Hal ini bisa jadi sesuatu yang riskan karena, bisa saja insan perfilman, termasuk aktor, mengalami sakit yang biayanya di atas biaya yang akan diberikan pelaku usaha perfilman. Tanpa asuransi, maka insan perfilman bisa saja tekor.
Pemerintah Belum Tegas Mengatur Mengenai Insan Perfilman
Ada banyak sekali undang-undang mengenai perfilman. Namun, banyak insan perfilman yang merasa kalau pemerintah enggak tegas dalam menentukan aturan yang spesifik terkait hal tersebut.
Maka dari itu, SINDIKASI dan Indonesia menerbitkan kertas posisi Sepakat di 14: Advokasi Pembatasan Waktu Kerja dan Perlindungan Hak Pekerja Film Indonesia.
Kertas posisi tersebut meminta waktu kerja para insan perfilman dibatasi sampai maksimal 14 jam dalam sehari.
Enggak cuma itu aja, mereka juga menegaskan kalau UU 33 Tahun 2009 tentang Perfilman juga belum menjamin perlindungan pekerja film.
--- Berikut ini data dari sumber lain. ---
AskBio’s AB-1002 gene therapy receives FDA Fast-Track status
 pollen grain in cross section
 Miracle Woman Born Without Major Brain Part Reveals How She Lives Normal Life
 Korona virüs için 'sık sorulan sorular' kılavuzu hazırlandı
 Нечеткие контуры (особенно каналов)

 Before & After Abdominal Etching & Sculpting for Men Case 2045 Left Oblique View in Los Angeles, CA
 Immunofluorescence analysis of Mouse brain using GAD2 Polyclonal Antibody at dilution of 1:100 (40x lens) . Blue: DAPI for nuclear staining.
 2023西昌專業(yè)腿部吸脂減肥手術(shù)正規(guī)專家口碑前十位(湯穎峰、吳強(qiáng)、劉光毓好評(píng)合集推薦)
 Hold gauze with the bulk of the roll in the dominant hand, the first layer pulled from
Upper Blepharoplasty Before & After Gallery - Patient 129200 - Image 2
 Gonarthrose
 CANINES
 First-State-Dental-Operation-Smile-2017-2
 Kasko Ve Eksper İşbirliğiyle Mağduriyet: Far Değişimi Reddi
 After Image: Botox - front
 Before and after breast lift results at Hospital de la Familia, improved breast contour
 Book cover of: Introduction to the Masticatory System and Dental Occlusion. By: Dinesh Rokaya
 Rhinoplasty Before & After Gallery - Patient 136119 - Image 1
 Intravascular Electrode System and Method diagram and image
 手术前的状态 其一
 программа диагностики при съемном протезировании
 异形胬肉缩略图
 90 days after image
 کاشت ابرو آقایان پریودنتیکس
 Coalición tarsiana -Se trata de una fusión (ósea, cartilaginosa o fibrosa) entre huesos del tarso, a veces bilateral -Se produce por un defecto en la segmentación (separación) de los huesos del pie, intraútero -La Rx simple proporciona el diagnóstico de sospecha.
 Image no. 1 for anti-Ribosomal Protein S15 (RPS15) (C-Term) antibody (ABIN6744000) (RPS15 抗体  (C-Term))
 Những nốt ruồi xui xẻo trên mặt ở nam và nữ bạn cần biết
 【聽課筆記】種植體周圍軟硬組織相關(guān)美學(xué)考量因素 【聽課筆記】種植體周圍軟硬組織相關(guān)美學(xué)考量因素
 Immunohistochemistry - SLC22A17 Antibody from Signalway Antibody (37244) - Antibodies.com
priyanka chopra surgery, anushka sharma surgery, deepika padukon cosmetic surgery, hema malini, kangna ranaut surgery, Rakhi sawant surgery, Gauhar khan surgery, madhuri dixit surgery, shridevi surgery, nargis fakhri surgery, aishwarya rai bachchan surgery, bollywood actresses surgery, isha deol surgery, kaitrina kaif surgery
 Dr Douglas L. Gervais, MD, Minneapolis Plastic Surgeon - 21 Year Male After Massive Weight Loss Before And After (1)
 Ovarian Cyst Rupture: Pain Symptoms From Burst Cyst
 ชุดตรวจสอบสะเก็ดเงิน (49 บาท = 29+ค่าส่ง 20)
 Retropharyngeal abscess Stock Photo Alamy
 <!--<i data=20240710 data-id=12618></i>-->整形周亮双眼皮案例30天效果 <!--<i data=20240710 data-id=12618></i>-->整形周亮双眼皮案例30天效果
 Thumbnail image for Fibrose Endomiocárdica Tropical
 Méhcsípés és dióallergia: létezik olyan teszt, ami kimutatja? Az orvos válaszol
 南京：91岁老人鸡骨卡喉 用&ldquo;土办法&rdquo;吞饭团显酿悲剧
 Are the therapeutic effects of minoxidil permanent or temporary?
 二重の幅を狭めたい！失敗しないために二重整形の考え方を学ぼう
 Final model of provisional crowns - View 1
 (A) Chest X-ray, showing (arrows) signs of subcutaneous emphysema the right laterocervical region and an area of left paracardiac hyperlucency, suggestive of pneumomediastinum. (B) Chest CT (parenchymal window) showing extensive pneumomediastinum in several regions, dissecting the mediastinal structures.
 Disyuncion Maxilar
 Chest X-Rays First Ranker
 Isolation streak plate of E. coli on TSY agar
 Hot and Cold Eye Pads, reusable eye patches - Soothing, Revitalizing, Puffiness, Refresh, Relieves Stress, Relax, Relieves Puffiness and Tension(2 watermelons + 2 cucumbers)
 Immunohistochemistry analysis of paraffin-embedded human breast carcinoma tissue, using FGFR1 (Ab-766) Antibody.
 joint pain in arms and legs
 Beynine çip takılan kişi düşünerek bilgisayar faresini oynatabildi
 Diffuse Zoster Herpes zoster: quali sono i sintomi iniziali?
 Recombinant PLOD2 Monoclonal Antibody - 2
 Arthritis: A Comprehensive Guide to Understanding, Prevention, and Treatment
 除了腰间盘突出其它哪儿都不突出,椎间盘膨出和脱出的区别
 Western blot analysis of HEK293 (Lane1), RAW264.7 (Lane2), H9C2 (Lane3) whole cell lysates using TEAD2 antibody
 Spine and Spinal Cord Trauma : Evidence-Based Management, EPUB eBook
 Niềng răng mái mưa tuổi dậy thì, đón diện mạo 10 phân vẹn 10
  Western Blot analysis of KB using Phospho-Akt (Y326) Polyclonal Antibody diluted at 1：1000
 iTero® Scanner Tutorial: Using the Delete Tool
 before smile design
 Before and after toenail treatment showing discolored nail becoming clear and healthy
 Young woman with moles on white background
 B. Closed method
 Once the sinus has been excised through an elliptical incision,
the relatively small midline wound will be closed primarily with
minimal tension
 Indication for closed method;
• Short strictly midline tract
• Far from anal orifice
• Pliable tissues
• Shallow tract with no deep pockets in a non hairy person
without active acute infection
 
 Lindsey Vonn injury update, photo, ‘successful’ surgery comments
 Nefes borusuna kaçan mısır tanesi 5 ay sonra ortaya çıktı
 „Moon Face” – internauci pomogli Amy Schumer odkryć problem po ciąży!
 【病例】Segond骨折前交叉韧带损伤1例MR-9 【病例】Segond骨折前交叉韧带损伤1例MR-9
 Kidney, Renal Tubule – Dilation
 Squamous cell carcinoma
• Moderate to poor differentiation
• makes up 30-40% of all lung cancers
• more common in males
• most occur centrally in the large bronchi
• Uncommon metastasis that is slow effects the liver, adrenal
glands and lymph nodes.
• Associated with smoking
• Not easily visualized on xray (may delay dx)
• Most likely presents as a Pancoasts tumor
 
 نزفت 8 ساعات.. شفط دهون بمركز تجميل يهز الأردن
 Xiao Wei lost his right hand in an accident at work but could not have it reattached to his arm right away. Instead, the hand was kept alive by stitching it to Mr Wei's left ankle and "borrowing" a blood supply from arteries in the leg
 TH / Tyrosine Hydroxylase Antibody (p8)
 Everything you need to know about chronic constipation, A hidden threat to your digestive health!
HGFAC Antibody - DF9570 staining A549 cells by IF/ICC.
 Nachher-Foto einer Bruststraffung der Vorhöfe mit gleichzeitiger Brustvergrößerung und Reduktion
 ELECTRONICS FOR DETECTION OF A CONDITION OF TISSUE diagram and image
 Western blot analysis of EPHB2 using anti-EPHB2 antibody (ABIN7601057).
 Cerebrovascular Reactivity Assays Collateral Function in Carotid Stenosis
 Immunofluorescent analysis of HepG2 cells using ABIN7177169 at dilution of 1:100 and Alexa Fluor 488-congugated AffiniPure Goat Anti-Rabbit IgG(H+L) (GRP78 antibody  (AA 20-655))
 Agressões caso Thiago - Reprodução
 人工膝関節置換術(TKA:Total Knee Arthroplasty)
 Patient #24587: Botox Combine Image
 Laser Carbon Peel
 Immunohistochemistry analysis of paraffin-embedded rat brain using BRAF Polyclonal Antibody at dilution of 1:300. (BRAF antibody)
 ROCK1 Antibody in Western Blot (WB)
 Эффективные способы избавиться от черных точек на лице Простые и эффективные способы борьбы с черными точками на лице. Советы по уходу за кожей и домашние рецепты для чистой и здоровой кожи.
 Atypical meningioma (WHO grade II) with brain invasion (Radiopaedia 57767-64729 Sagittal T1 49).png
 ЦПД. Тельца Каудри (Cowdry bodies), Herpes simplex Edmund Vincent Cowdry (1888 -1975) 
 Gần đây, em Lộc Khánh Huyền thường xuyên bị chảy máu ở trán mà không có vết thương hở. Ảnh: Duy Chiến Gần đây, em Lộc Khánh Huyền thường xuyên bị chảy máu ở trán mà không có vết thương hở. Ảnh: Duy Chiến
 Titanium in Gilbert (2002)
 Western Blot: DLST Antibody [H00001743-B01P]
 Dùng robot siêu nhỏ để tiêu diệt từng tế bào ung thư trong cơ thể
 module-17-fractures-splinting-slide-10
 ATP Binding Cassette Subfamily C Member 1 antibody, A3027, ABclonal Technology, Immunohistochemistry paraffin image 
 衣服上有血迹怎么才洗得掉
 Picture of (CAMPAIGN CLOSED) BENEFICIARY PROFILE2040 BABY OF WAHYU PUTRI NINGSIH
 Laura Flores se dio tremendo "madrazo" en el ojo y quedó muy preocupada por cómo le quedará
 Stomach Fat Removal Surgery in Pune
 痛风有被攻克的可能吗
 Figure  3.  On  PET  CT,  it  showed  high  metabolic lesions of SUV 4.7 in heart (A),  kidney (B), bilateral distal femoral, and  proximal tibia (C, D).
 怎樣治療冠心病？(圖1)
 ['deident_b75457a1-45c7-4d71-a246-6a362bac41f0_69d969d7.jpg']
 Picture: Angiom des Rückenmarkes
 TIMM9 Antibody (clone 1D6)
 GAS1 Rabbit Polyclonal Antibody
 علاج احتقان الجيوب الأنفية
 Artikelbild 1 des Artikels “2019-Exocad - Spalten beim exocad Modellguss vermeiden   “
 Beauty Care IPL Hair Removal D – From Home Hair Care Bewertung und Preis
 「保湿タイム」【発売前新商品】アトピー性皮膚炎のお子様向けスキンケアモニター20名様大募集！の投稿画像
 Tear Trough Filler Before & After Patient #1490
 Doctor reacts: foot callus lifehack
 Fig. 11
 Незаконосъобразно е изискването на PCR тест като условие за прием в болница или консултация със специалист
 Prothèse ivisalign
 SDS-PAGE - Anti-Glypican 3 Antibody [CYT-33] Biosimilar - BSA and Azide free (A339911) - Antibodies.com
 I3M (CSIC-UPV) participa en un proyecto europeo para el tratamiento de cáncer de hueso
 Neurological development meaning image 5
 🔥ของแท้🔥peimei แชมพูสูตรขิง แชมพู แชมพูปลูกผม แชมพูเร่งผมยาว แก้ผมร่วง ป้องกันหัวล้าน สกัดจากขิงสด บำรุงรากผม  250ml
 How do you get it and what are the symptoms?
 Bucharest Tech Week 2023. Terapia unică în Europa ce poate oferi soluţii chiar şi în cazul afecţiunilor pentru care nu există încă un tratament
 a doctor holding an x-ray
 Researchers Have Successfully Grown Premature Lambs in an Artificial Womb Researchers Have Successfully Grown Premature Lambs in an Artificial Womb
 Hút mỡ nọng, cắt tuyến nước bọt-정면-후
Dilansir dari CNN, mereka juga meminta Kementerian Ketenagakerjaan, Menteri Pendidikan, Kebudayaan, Riset, dan Teknologi, Kementerian Pariwisata dan Ekonomi Kreatif, dan Badan Perfilman Indonesia (BPI) buat turut serta dalam memperhatikan nasib insan film.
Walaupun kualitas film Indonesia makin membaik dari waktu ke waktu, tetapi tentunya kita berharap kalau hal tersebut juga diikuti oleh membaiknya kualitas lingkungan kerja bagi para insan film. Karena, film-film berkualitas tentu juga bisa konsisten dihasilkan dari para insan yang kesehatan fisik dan mentalnya diperhatikan dengan serius.